*What is expected:*
Each line from the one containing "Vintage Vespas Foodie Tour at Kuala Lumpur" through the final line of the records is to be repeated exactly, with no additions.

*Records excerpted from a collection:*
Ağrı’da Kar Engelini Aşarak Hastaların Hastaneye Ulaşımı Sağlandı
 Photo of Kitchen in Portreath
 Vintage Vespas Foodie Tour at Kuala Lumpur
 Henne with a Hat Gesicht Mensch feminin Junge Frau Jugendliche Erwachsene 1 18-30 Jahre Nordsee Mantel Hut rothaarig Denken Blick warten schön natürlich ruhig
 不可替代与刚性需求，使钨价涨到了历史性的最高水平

*Result of the exercise:*
 Vintage Vespas Foodie Tour at Kuala Lumpur
 Henne with a Hat Gesicht Mensch feminin Junge Frau Jugendliche Erwachsene 1 18-30 Jahre Nordsee Mantel Hut rothaarig Denken Blick warten schön natürlich ruhig
 不可替代与刚性需求，使钨价涨到了历史性的最高水平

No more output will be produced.